What you need to do. Pictures stay out of the copy. Retype exactly the lines below from the one with "Đề thi giữa" through the one with "I.n.c. International Concepts".

+===+

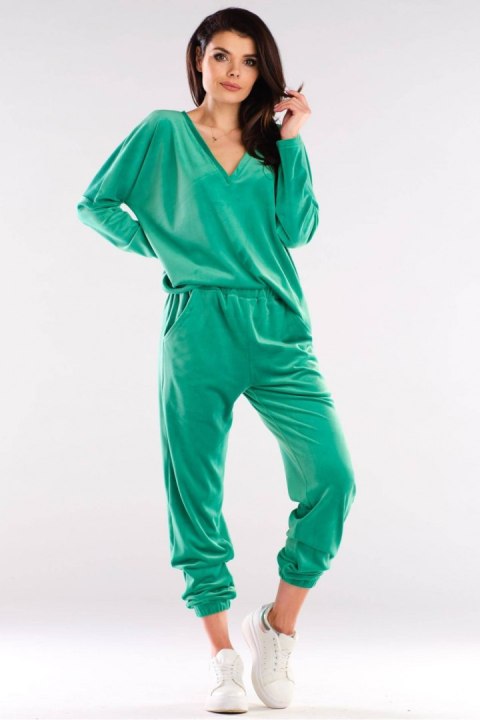 Bluzka Damska Model A417 Green - awama Bluzka Damska Model A417 Green - awama
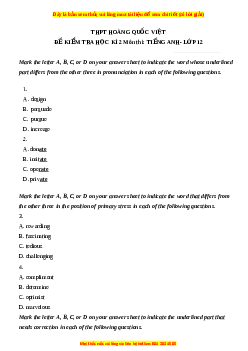 Đề thi giữa kì 2 Tiếng Anh 12 trường THPT Hoàng Quốc Việt năm 2023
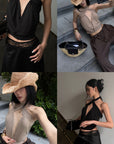 ROVENTE Cross-Neck Draped Halter Top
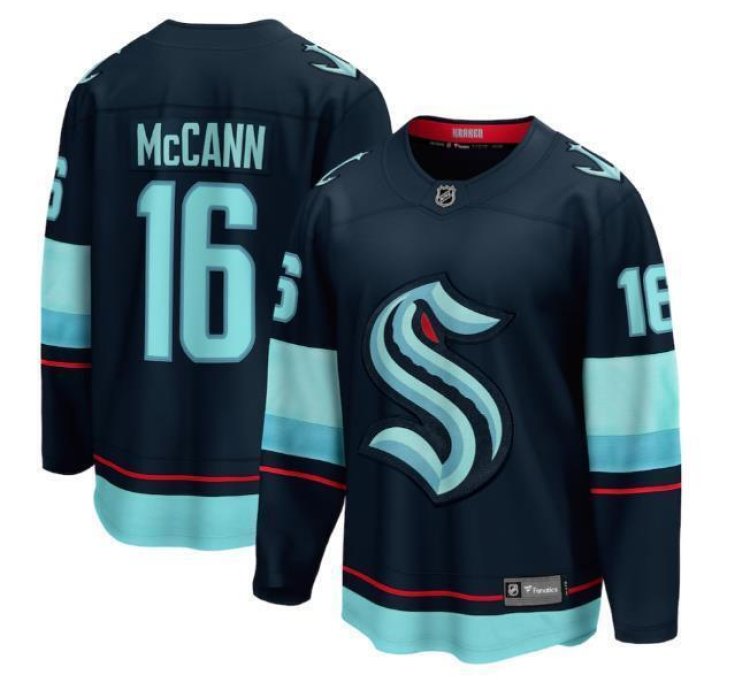 Mens Jared Mccann Jersey 16 Seattle Kraken Navy All Stitched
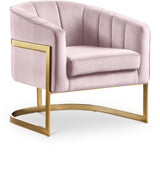 Carter Pink Velvet Accent Chair from Meridian - Luna Furniture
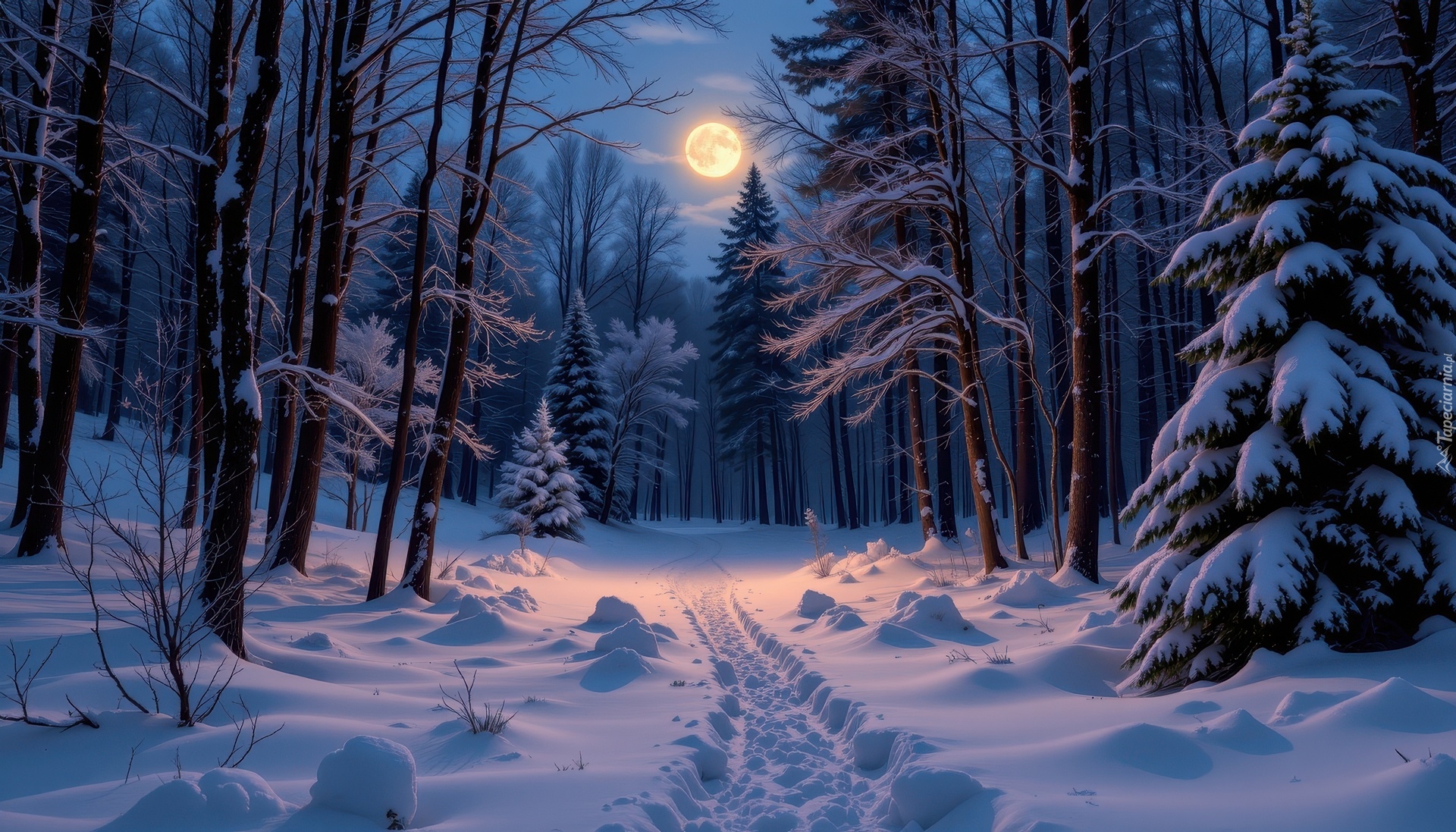 Zima, Las, Drzewa, Ścieżka, Księżyc, Noc, Grafika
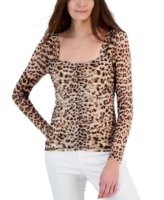 I.n.c. International Concepts Women's Ruched Printed Top, Created for Macy's - Carla Cheetah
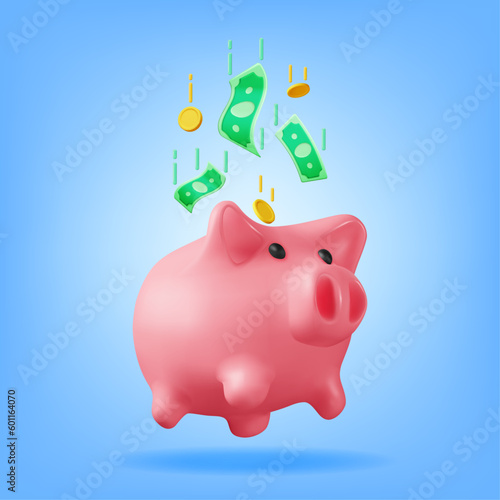 3D Piggy Bank with Coins and Banknotes Isolated. Render Plastic Piggy Bank for Money. Moneybox in Form of Pig. Concept of Cash Money, Business Deposit Investment Financial Savings. Vector Illustration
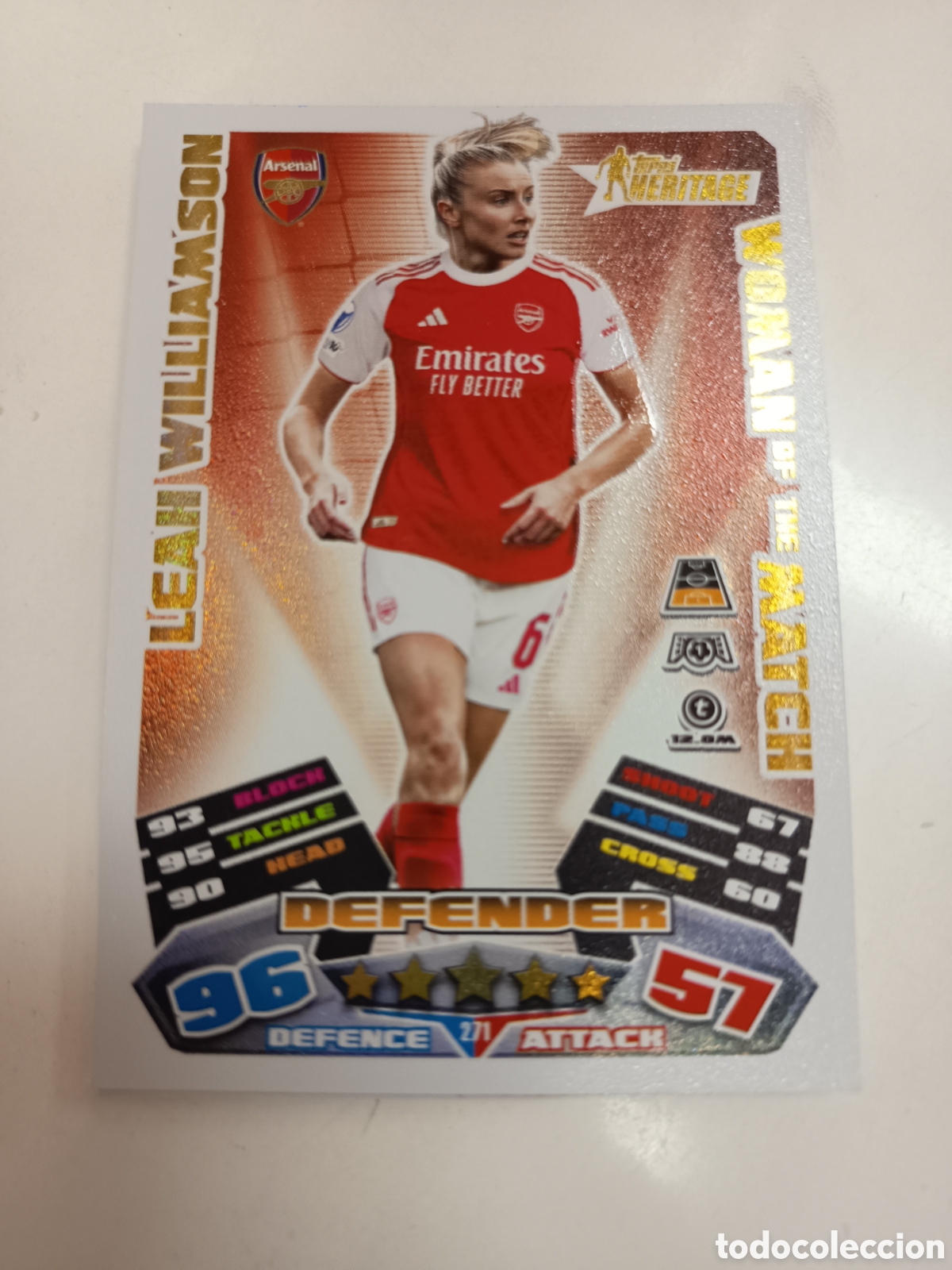 Fu&szlig;ball-Sticker: 271 LEAH WILLIAMSON WOMAN OF THE MAN HERITAGE MATCH ATTAX EXTRA 2025 2026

+===+

Result of the task.
 Đề thi giữa kì 2 Tiếng Anh 12 trường THPT Hoàng Quốc Việt năm 2023
 ROVENTE Cross-Neck Draped Halter Top
 Mens Jared Mccann Jersey 16 Seattle Kraken Navy All Stitched
 Carter Pink Velvet Accent Chair from Meridian - Luna Furniture
 Zima, Las, Drzewa, Ścieżka, Księżyc, Noc, Grafika
 I.n.c. International Concepts Women's Ruched Printed Top, Created for Macy's - Carla Cheetah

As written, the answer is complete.